Well, I got another taste of the "loosely coupled" peripherals in this uC. At the end of this code (discussed earlier) I had a GPIO waggle, to get a pulse on a scope to measure timing. This evening, having finished with it all, I removed that line, and the code stopped working. Running my test code I was finding that the last byte (byte 511) of each page was wrong. I had noticed previously that this could be induced by not fully clearing RX data (in the "dump rx data" mode, where SPI is merely sending), so I spent a bit of time tracking it down.

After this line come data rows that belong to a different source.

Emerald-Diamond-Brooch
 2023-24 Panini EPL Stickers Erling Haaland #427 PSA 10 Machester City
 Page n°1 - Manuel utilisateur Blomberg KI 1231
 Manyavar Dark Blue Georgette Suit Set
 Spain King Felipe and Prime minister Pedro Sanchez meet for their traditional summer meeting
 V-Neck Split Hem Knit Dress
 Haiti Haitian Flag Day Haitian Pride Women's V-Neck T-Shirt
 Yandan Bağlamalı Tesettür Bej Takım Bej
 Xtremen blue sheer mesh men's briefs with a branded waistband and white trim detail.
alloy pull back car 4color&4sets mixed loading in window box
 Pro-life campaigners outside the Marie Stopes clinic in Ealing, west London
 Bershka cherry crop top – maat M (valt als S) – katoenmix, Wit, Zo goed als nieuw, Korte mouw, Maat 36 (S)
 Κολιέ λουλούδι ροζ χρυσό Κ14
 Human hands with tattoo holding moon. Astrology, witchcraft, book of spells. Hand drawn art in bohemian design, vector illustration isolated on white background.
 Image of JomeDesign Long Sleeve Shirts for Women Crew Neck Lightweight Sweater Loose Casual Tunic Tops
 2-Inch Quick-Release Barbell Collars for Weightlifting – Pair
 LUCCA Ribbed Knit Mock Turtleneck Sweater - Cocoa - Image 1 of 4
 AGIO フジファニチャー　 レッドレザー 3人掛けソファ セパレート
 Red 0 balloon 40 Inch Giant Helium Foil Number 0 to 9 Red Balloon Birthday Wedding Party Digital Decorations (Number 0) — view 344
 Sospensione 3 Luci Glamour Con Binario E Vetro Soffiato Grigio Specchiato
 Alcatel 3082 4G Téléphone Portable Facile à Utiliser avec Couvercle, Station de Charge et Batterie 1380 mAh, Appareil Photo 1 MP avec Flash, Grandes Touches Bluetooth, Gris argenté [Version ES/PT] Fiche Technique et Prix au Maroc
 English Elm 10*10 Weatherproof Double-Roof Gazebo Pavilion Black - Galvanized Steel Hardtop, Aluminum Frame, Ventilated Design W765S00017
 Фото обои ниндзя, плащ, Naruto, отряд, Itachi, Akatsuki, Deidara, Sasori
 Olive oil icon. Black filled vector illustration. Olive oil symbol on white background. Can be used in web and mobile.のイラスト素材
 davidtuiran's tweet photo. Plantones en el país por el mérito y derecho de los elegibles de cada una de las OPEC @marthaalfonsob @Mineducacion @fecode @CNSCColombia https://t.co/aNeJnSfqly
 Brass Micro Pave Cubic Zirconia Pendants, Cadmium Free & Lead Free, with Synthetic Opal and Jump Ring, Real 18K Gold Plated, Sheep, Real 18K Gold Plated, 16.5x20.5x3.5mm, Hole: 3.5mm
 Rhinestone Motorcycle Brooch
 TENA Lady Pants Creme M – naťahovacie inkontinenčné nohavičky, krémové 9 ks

It turned out that a small delay is needed before doing the final SPI2->DR (2 of them).

Code: [Select]

	  	while ((TxXferCount > 0U) || (RxXferCount > 0U))
	  	{
	  		/* Do a TX if TX empty */
			if ( txallowed && (TxXferCount > 0) )
			{
				if ( (SPI2->SR & (1<<1)) != 0 )
			    {
					*(__IO uint8_t *)&SPI2->DR = *pTxBuffPtr;
			    	pTxBuffPtr++;
			    	TxXferCount--;
			    	txallowed=rxdump;					// block another TX until RX done (tx always ok in rxdump)
			    }
			}

		    /* Do an RX if RX not empty */
			if ( !rxdump )
			{
				if ( ((SPI2->SR & 1) != 0) && (RxXferCount > 0) )
				{
	   				(*(uint8_t *)pRxBuffPtr) = SPI2->DR;
	   		    	pRxBuffPtr++;
	   		    	RxXferCount--;
	   		    	txallowed = true;					// allow tx again
		    	}
			}
	  	}

		#ifdef TIMING_DEBUG
	  		ADS1118_an_2p5v_external(1);
		#endif

  	}

    // Clear any rx data and the overrun flag in case not all received data was read; mandatory in rxdump mode
	// Have to read DR 2x to be sure the RX is cleared. The ST command __HAL_SPI_CLEAR_OVRFLAG(__HANDLE__) does
	// only 1 read of DR and this failed in rxdump mode, if DR was not read above (which it actually is).
   	// A small delay is needed because the very last transfer may not propagate to DR.

   	hang_around_us(1);
   	SPI2->DR;
   	SPI2->DR;
   	SPI2->SR;

   	return (true);

}

One could also solve it with a 3rd SPI2->DR but it's not clear with how much margin.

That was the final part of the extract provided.